Vous pouvez bien évidemment vous faire accompagner d’une expertise externe pour vous faciliter la démarche (ex: centre technique, consultant, ect). Mais nous préconisons de devenir expert soi-même dans sa catégorie de produit. Parce que vous entendrez beaucoup de choses contradictoires d’un interlocuteur à l’autre (ex: dans notre cas, quelle température de mise en pot ?) et qu’il faudra bien souvent vous faire votre propre idée, tout seul. Il n’est en effet pas toujours certain que l’expert “sache” réellement ou que son expertise aille au-delà de son cœur de compétence. Mieux vaut être en capacité de “challenger” en étant solide sur ses appuis. Ensuite parce que vous serez souvent amené à répondre à des questions sur vos produits : de la part des autorités de contrôles/ sanitaires, de distributeurs, de clients, d’investisseurs. Bien connaître ses produits est un gage de crédibilité auprès de vos partenaires.

  • Ne pas se lancer trop tôt dans des analyses… mais ne pas trop tarder non plus

Si vos procédés de fabrication et recettes ne sont pas stabilisés, il n’est pas forcément utile de se lancer immédiatement dans une analyse de vie par un laboratoire. Cela demande un certain budget (autour de 700/800€ par test). Et il serait dommage d’être contraint de recommencer quelques mois plus tard. Normalement, un laboratoire suffisamment précautionneux vous demandera en amont si vos processus de fabrication sont suffisamment calés. Et si vous avez déjà une petite idée de la DLC/ DDM à valider.

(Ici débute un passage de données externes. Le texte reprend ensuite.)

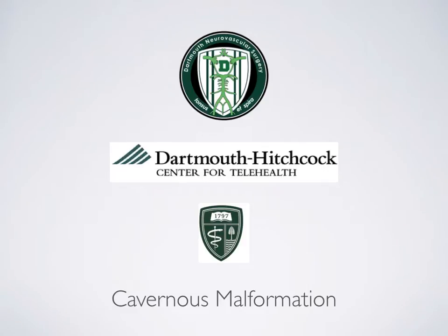Hello and welcome. I'm Dr. Robert Singer, Director of Neurovascular Therapeutics in the Section of Neurosurgery at Dartmouth-Hitchcock Medical Center. On behalf of Dr. Cliff Eske and our entire team, I want to welcome you to this module on cavernous malformations. It's our hope that the following information will be helpful to you in understanding your care.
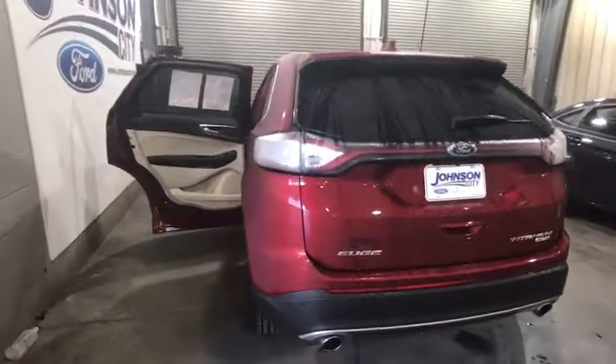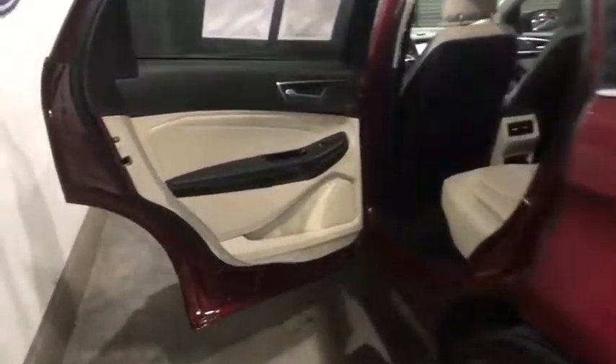This vehicle has less than 4,000 miles. Here are some of this vehicle's great options.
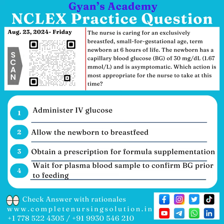Option 3: Obtain a prescription for formula supplementation. Option 4: Wait for a plasma blood sample to confirm blood glucose prior to feeding.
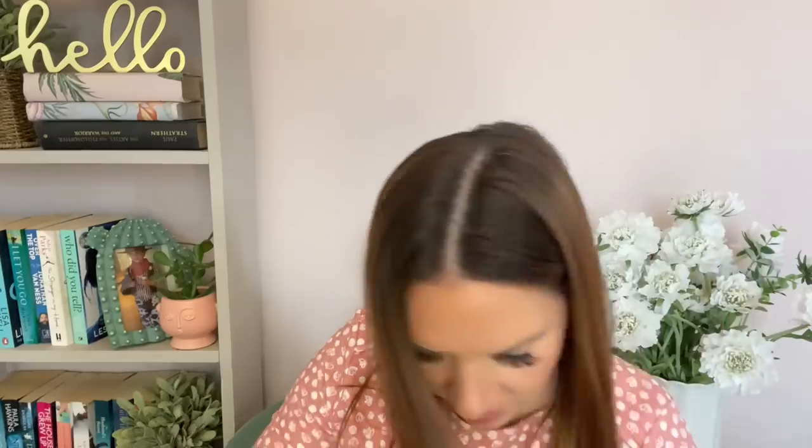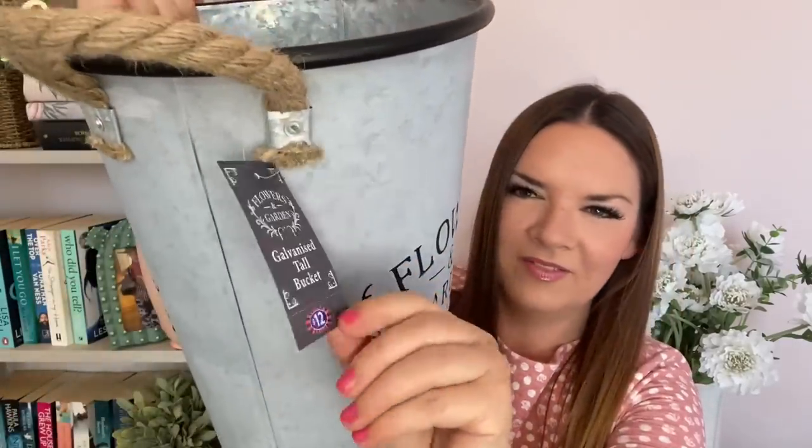I also picked up two galvanized tall buckets — down to eight pounds from twelve. I'm going to put holes in the bottom and use them as plant pots, maybe for a rose bush. They've got rope handles and they're nice and sturdy. I've had some of these for two years and they're still brilliant. They just say on the label 'galvanized tall bucket for decorative use only' and to handle with care due to sharp edges.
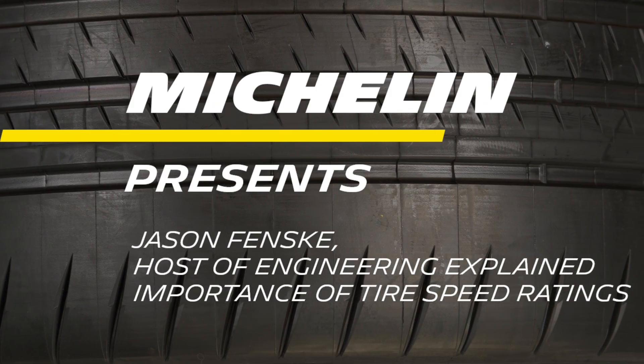Hi, this is Jason Fenske, host of Engineering Explained, here to talk about speed ratings. All tires have speed ratings. Today, I'm going to talk about why that is important.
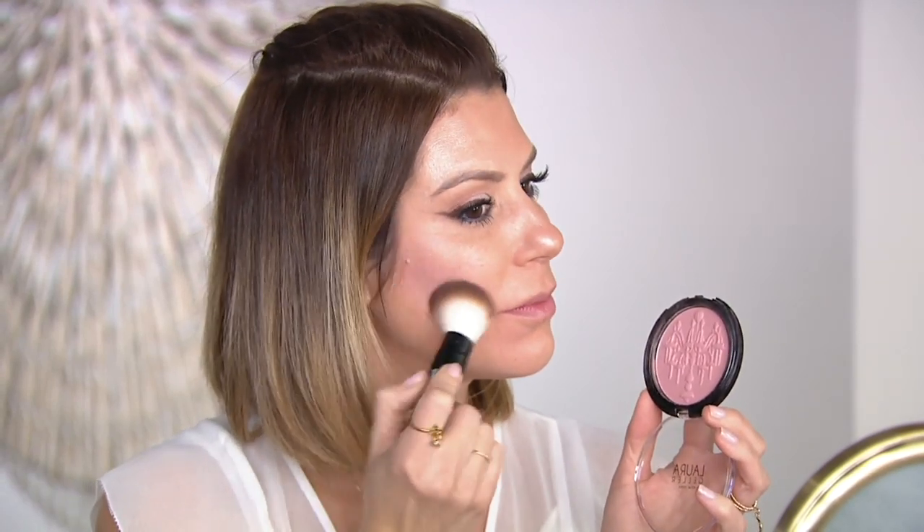Laura Geller is a customer choice award winner for blush, and blush is something she's always been passionate about because it adds dimension and color back to your face. A lot of women are scared of blush, worried they'll end up with circles on their cheeks like a little doll, so Laura created this soft baked formula. It's baked in Italy — taken out of the oven a little early, like chocolate chip cookies — so it's soft, malleable, and clings to the skin. It's a whisper of color.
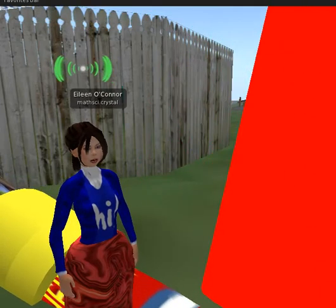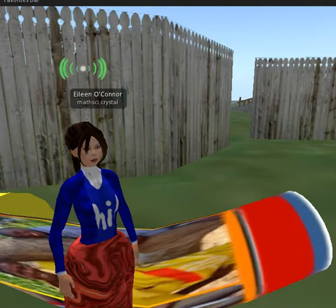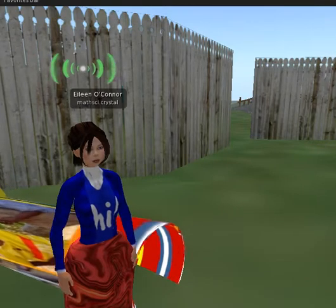We wanted to put in more interactivity for the students. Behind me you see a new device that we're creating that students can actually ride on.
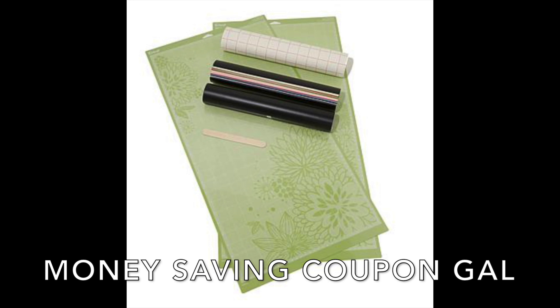Hi everyone, it's Money Saving Coupon Gal. I'm here to let you know that if you're having trouble getting into Cricut today, you're among all of us — we all were having trouble.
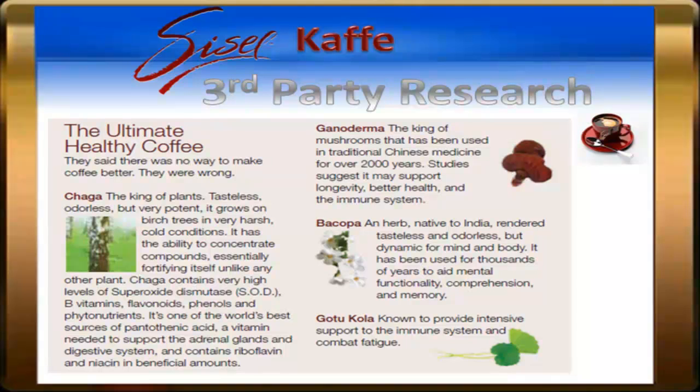The Chaga Mushroom is known as the King of Plants and the Mushroom of Immortality. It grows in colder climates on birch trees, and some say that it sucks the life force out of the tree, and it passes that life force on to the people and animals that consume it. The Chaga Mushroom contains 215 known, potent, and unique phytonutrients.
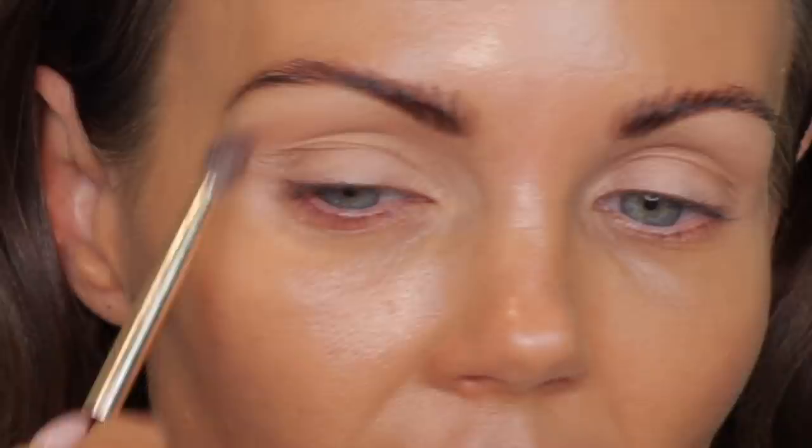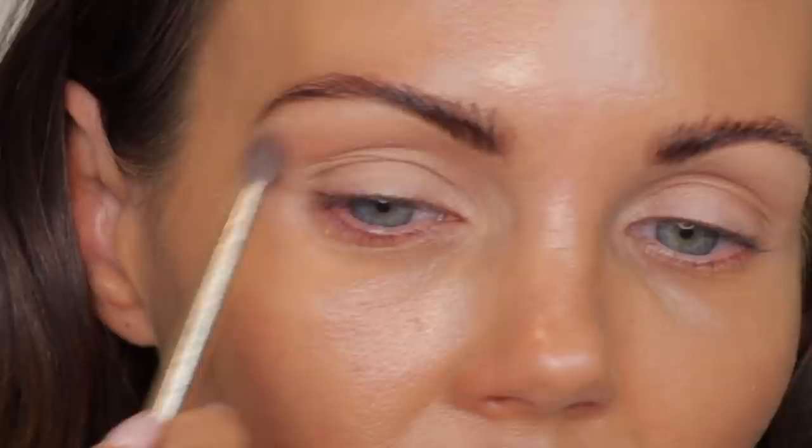I will list all of the shades in the description box down below from left to right. In this palette, I got three mattes. This is the shade Neo, then we have Pro, and this is a shimmer shade in the shade B. This is another matte in the shade Opt, and this shade is a metallic, the shade Pry. I'm going to grab the shade Neo and put that in the crease just to see what the color is. I don't have any concealer on yet because I didn't know if I was going to get any fallout from these shades.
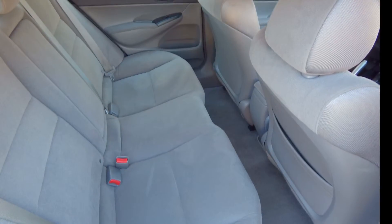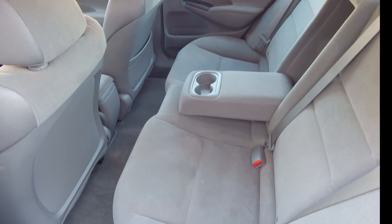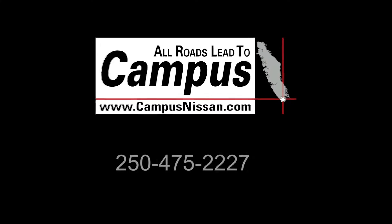Visit us today at Campus Nissan to see why we are Vancouver Island's largest Nissan dealer and book your test drive today.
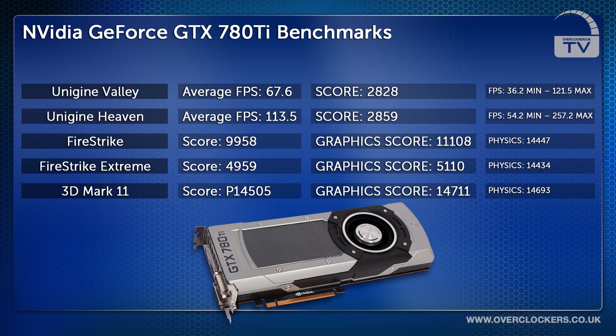We then ran the Unigine Heaven benchmark, which scored an average fps of 113.5 and an overall score of 2859. We ran the new 3DMark Firestrike, which had an overall score of 9,958 and a graphics score of 11,108.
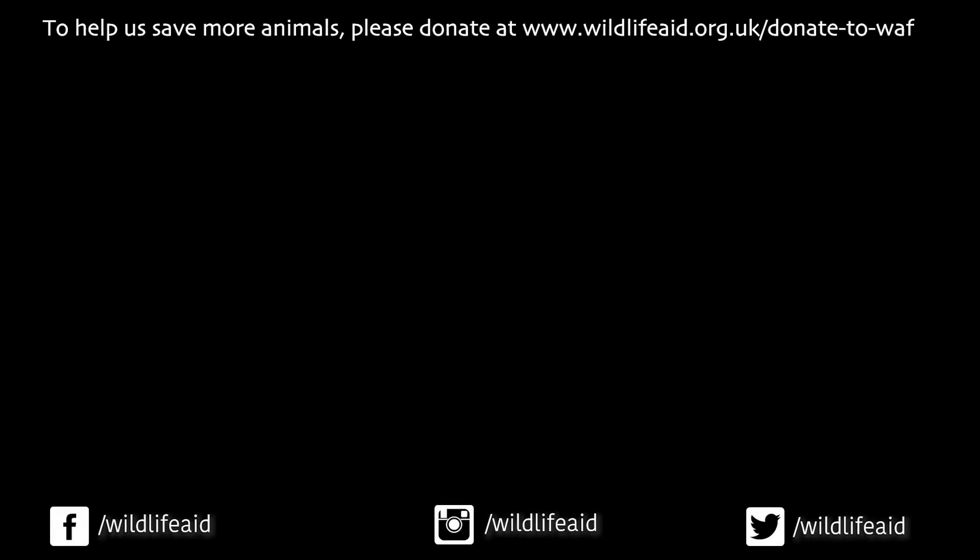If you like our videos, please subscribe to our channel by pressing the red button and make sure you hit the bell to get notifications of our latest content. If you want to help us save wildlife, please donate — every pound you give will help us to save more wildlife.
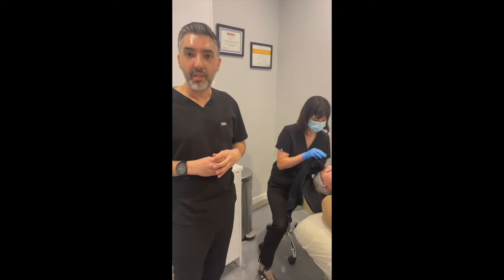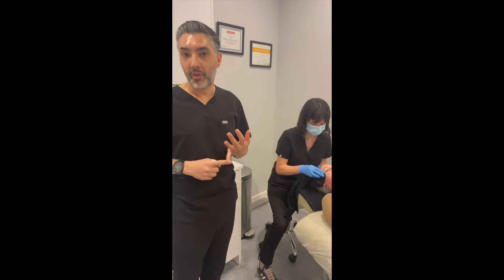Hey everybody, it's Dr. Zeta at the Z Center for Cosmetic Health. We're going to show you a chemical peel today. Chemical peels are very good to treat a variety of conditions including pigmentation or dark spots, acne, texture issues, or enlarged pores.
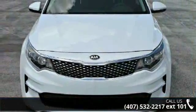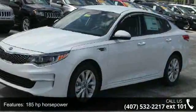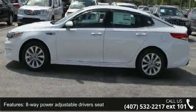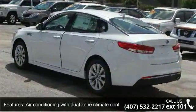Some of the top features included with this vehicle are 185 horsepower, four-wheel ABS brakes, eight-way power adjustable driver's seat, air conditioning with dual zone climate control, audio controls on steering wheel, automatic transmission, and Bluetooth.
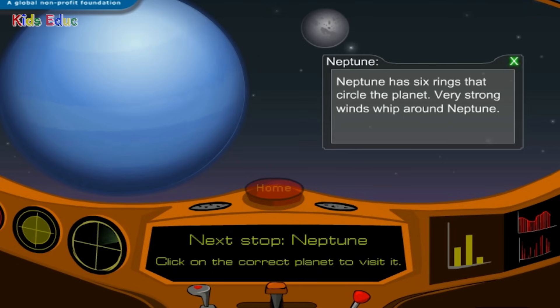Neptune has six rings that circle the planet. Very strong winds whip around Neptune.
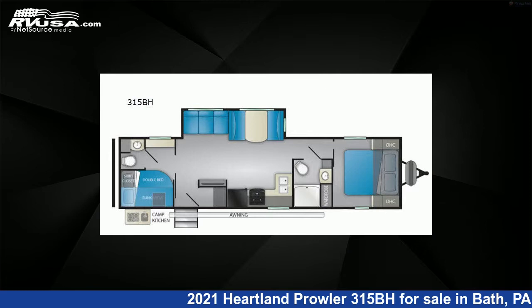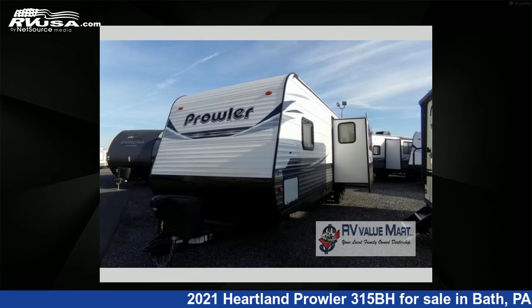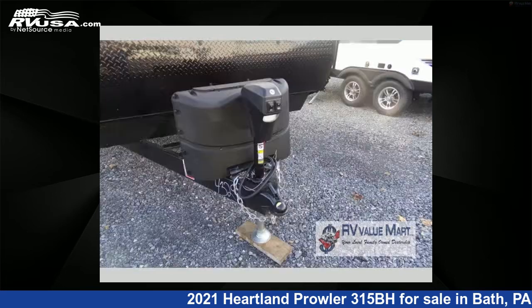This new Heartland is 37 feet 0 inches in length and features one slide-out, an Umber interior, sleeps 8, and 41 gallons fresh water capacity. For more information and pricing on this unit, and to see all units available for sale by RV Value Mart, visit RVUSA.com.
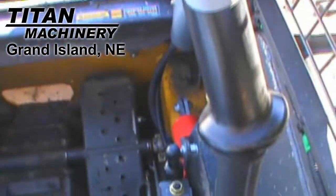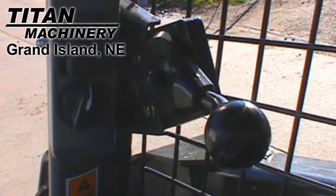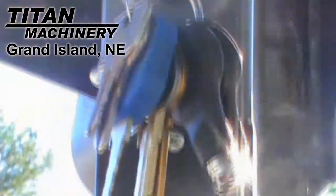This unit is equipped with hand foot controls. It also features ROPS and a hydraulic coupler.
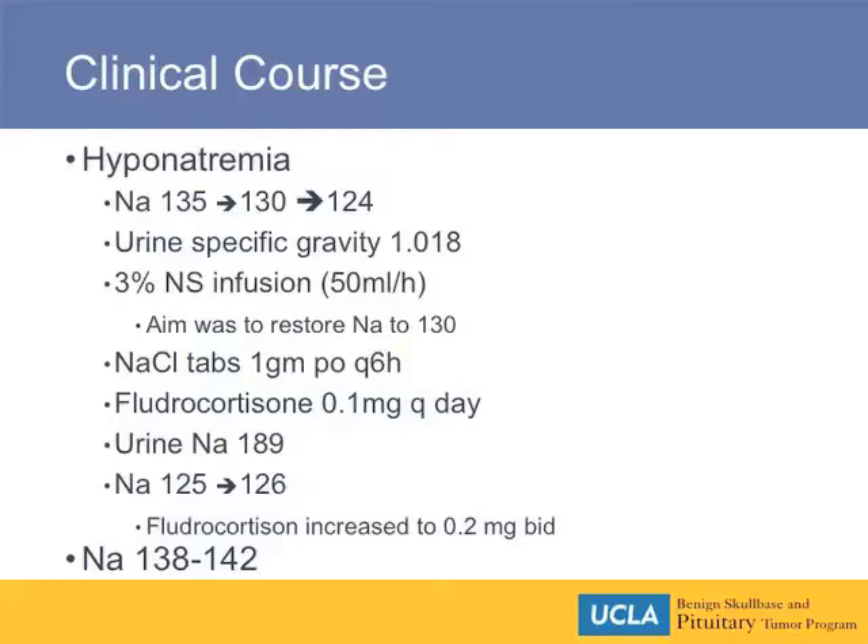Her specific gravity was a little on the high side at 1.018. Typically when sodium drops like this, there's a standard order set which is implemented in combination with the neurosurgical and endocrine teams, and she received a 3% saline infusion — generally to bring the sodium up to 130. She was also started on sodium chloride tablets, either one or two grams Q6; she was on one gram.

Dans l’intervalle et si vous êtes un petit acteur, vous pouvez vous appuyer sur vos propres observations (goût, odeur, aspects visuels), des publications scientifiques et les DLC/DDM de vos concurrents pour justifier d’une première DLC/DDM sur vos produits. C’est explicitement prévu et autorisé par l’Instruction technique DGAL/SDSSA/2024-270 29/04/2024.

A l’inverse et sur la base de notre propre expérience, il ne faut pas trop tarder non plus à mener ses analyses. Nous avons été particulièrement précautionneux, peut-être même un peu trop. Nous avons attendu de trouver et d’aménager notre laboratoire de production.. De bien caler notre processus de fabrication et nos recettes. De les tester. De formaliser notre PMS. Dans l’intervalle nous avons retenu une DLC à 7 jours pour nos produits (date prudente), ce qui nous a fermé beaucoup de portes, aussi bien chez des parents (estimant à juste titre que les DLC étaient trop courtes) que chez des distributeurs.

Conclusion

Si vous êtes au début d’un projet agro-alimentaire (quel qu’il soit), ne négligez pas, y compris en début de phase, la question de vos DLC/DDM. En fonction du circuit de distribution que vous envisagez, n’hésitez pas à prendre contact avec des acteurs pour leur demander en amont quelle serait la DLC/DDM idéal pour eux. Et en parallèle, explorez toutes les techniques de transformation et conditionnements qui existent pour rallonger la durée de vie de vos produits sans sacrifier au goût, à la qualité ou à vos valeurs écologiques/ éthiques.